• WHAT YOU WILL DO: Your copy must start with the line containing "So the quote" and end with the last line of the entries, matching them exactly and leaving out every picture.
——————
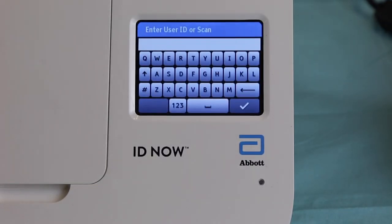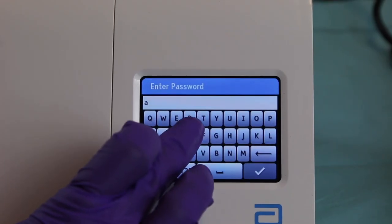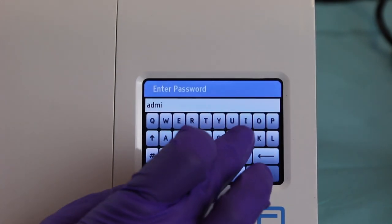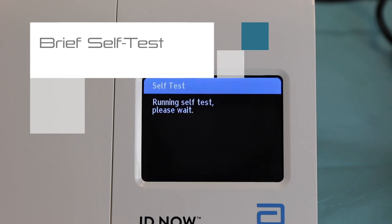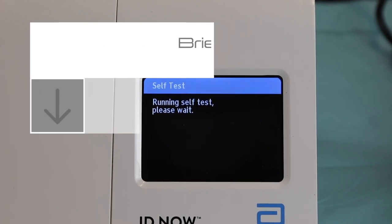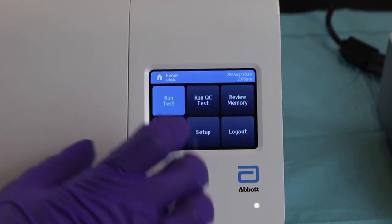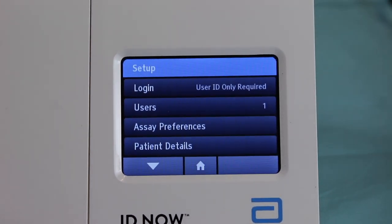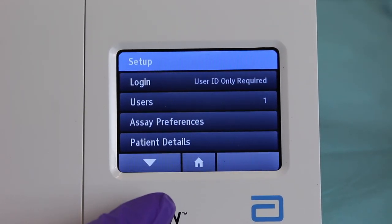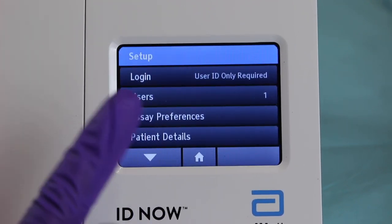Once the IDNOW initializes, it will ask for a username and password. Both the username and password are 'admin'. If the machine is brand new, you will need to access Setup in the home menu. Setup will allow you to use the machine — it will give you the users, which is just one user, the admin.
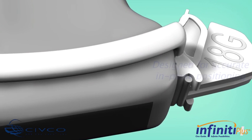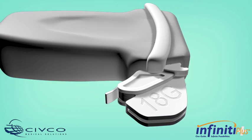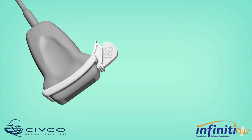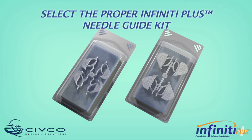Infinity Plus Needle Guides are designed for accurate in-plane positioning during procedures where access is difficult. The Infinity Plus Needle Guide provides a safe, reliable, and efficient tool for ultrasound guided puncture procedures. Each needle guide is conveniently packaged in a sterile procedure kit.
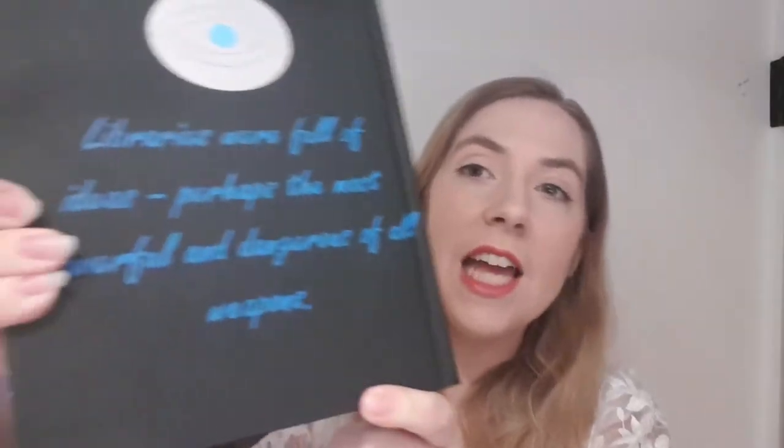So the quote — because I don't know if you can read it — the quote says: 'Libraries were full of ideas, possibly the most dangerous weapons of all.' It's one of my favourite quotes from the series because I personally believe that knowledge is power. I do love that quote. In fact, this series has some fantastic quotes. So when I do the entire series, I want to put a quote on the back of each one.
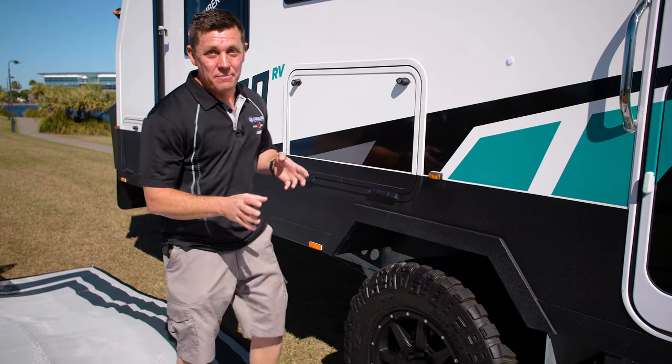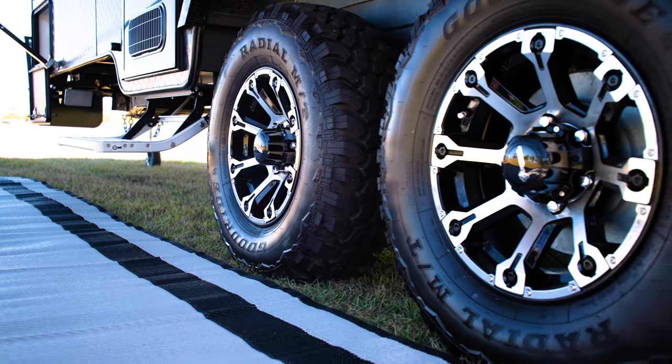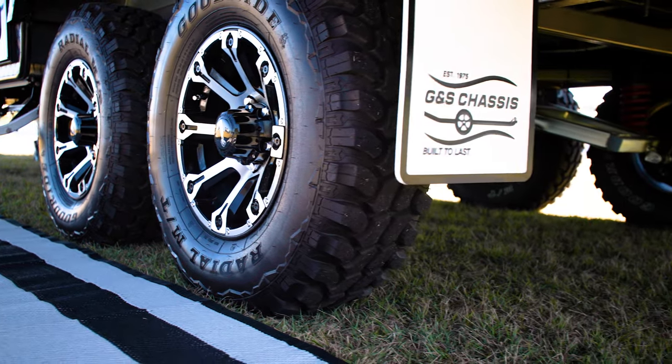JC here. Today we're going to talk about the very important topic of tyre pressures. Tyre pressures do vary whether it's a single or a tandem axle, and whether you're on the bitumen, the corrugations, or the sand.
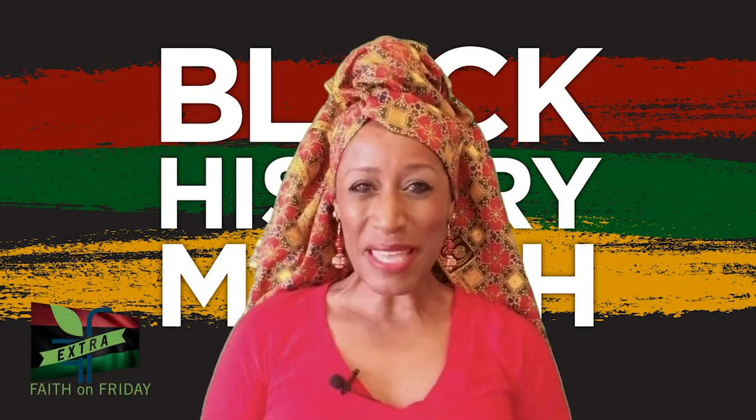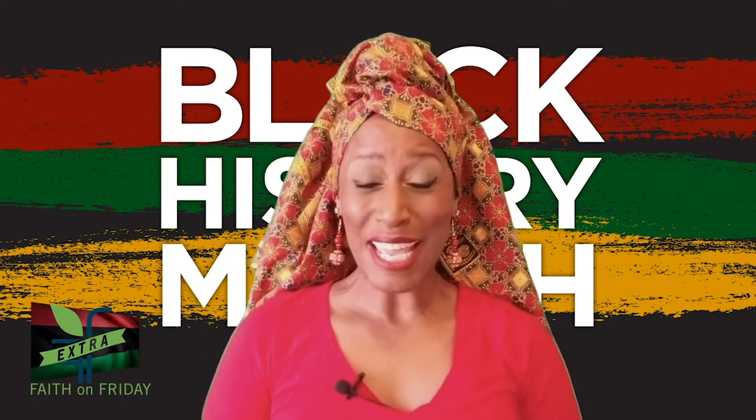Hello everybody, I'm Rikki Smith. Welcome to Faith on Friday as we celebrate Black History Month.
——————
• ANSWER TO THIS TASK:
So the quote — because I don't know if you can read it — the quote says: 'Libraries were full of ideas, possibly the most dangerous weapons of all.' It's one of my favourite quotes from the series because I personally believe that knowledge is power. I do love that quote. In fact, this series has some fantastic quotes. So when I do the entire series, I want to put a quote on the back of each one.
JC here. Today we're going to talk about the very important topic of tyre pressures. Tyre pressures do vary whether it's a single or a tandem axle, and whether you're on the bitumen, the corrugations, or the sand.
Hello everybody, I'm Rikki Smith. Welcome to Faith on Friday as we celebrate Black History Month.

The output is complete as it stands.